Task =>
Will you output all of the data below exactly, omitting the images?

Given material =>
================================
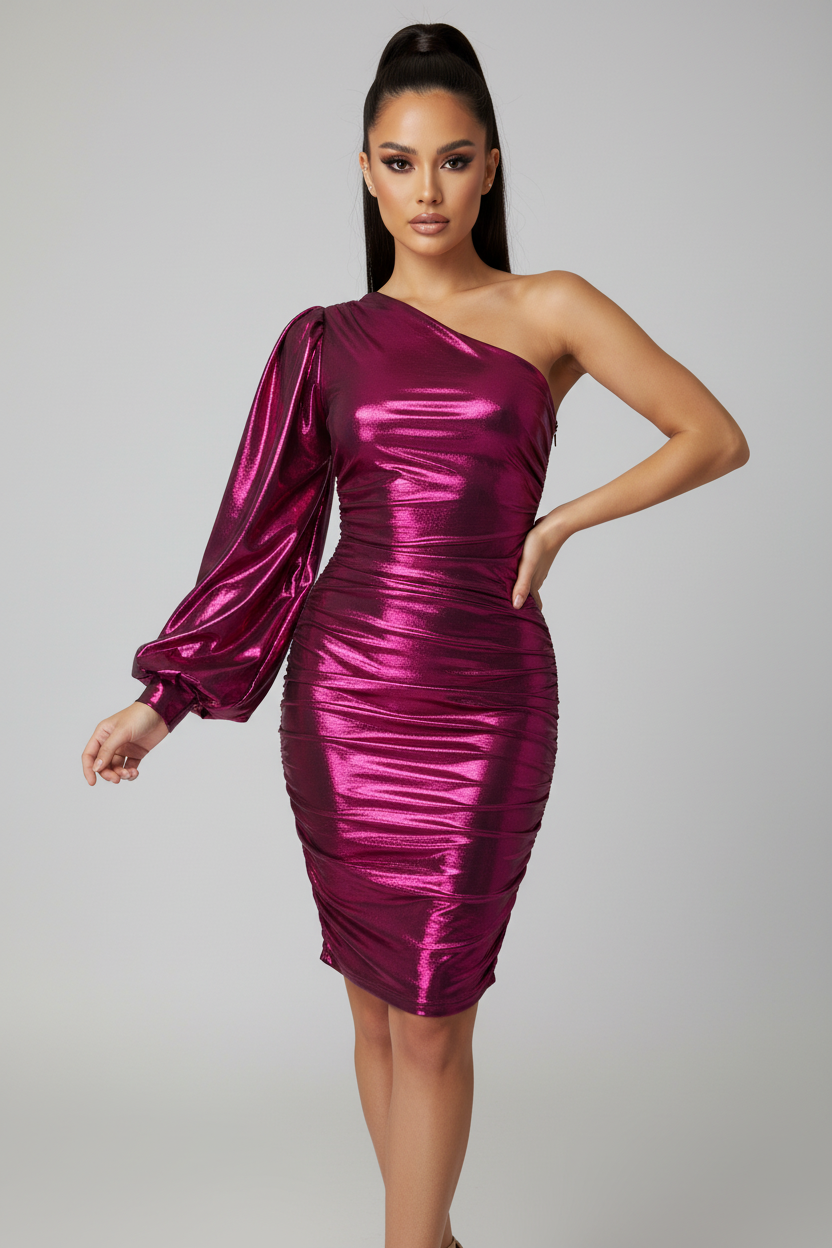 Model wearing metallic fuchsia dress - front view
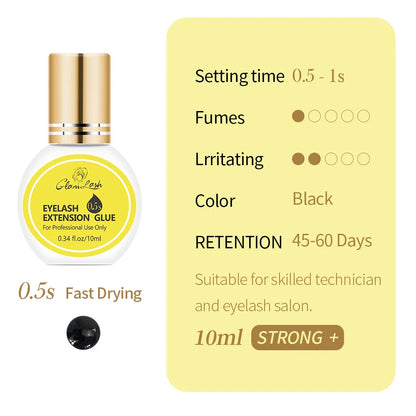 GLAMLASH Eyelash Extension Glue — 0.3-2 Sec Fast-Dry Black Adhesive for Individual False Lashes, Professional Kit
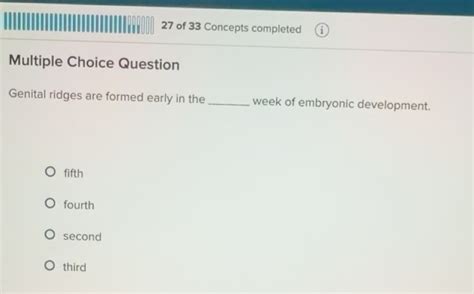 Solved: of 33 Concepts completed Multiple Choice Question Genital ...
================================
Your solution =>
 Model wearing metallic fuchsia dress - front view
 GLAMLASH Eyelash Extension Glue — 0.3-2 Sec Fast-Dry Black Adhesive for Individual False Lashes, Professional Kit
 Solved: of 33 Concepts completed Multiple Choice Question Genital ...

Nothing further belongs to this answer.